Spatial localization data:
━━━━━━━━━━━━━━━━━━━━
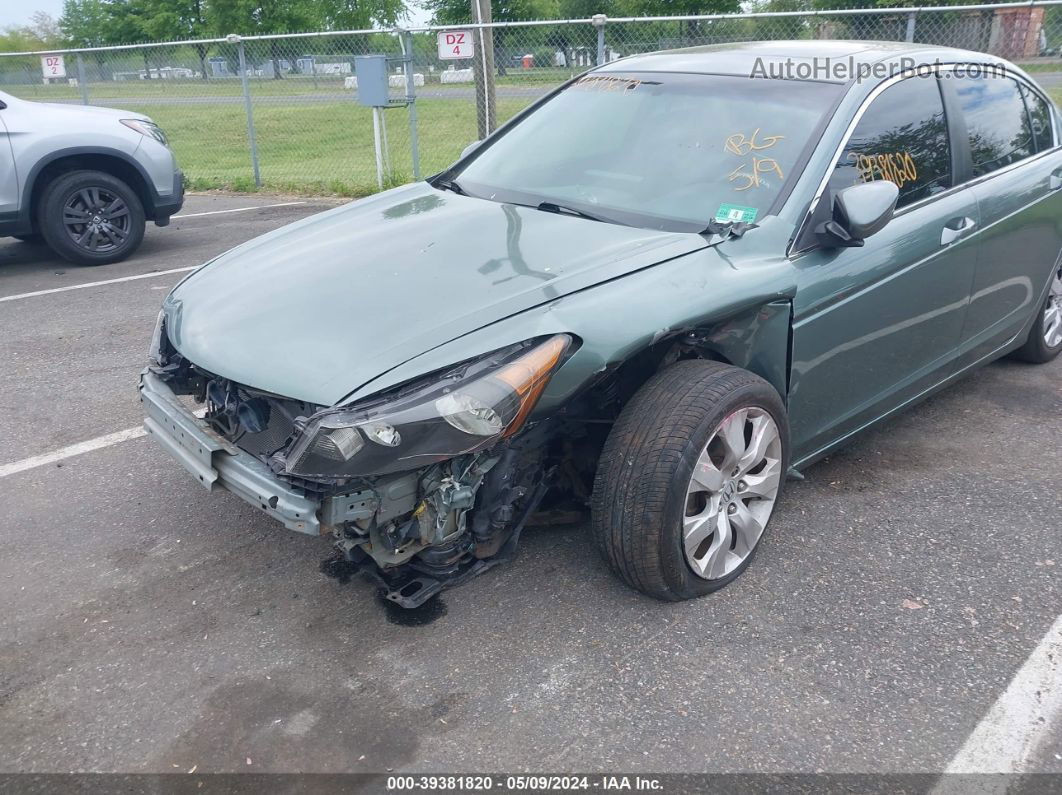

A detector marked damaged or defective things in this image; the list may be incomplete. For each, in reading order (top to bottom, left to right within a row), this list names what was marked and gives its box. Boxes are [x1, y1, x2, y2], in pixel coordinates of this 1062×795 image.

crushed front bumper [138, 372, 320, 536]
cracked headlight assembly [284, 336, 572, 478]
bent hood [168, 184, 708, 408]
damaged green sedan [141, 40, 1062, 608]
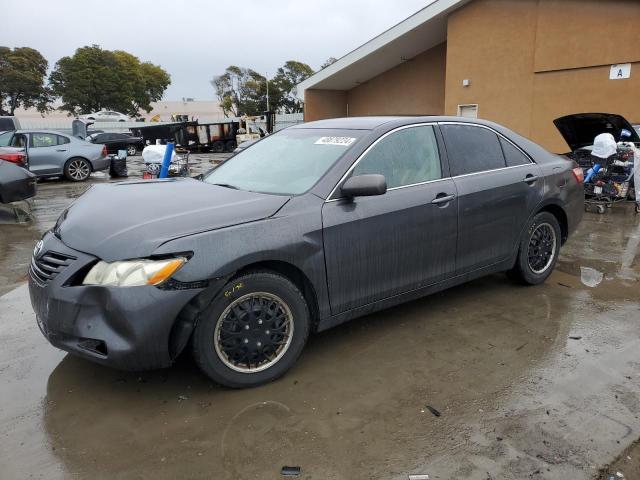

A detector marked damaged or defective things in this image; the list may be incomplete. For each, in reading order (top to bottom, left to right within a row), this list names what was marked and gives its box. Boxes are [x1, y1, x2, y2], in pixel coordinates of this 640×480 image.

damaged front bumper [27, 232, 208, 372]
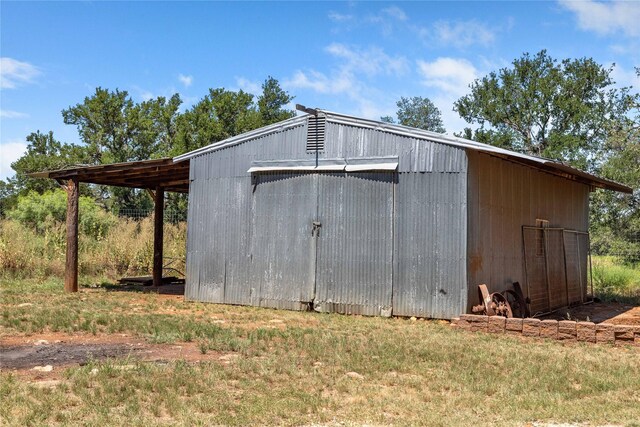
━━━━━━━━━━━━━━━━━━━━
**Aim of the task:** Print exactly the line containing "this 640×480 image." and every line after it through the final line above, and leave all pictures out.

**Your solution:**
A detector marked damaged or defective things in this image; the list may be incomplete. For each, in reading order (top to bottom, left to right within a row), this list names what was marked and gives its box. Boxes are [x1, y1, x2, y2], in pixel coordinates of this 640×480 image.

damaged front bumper [27, 232, 208, 372]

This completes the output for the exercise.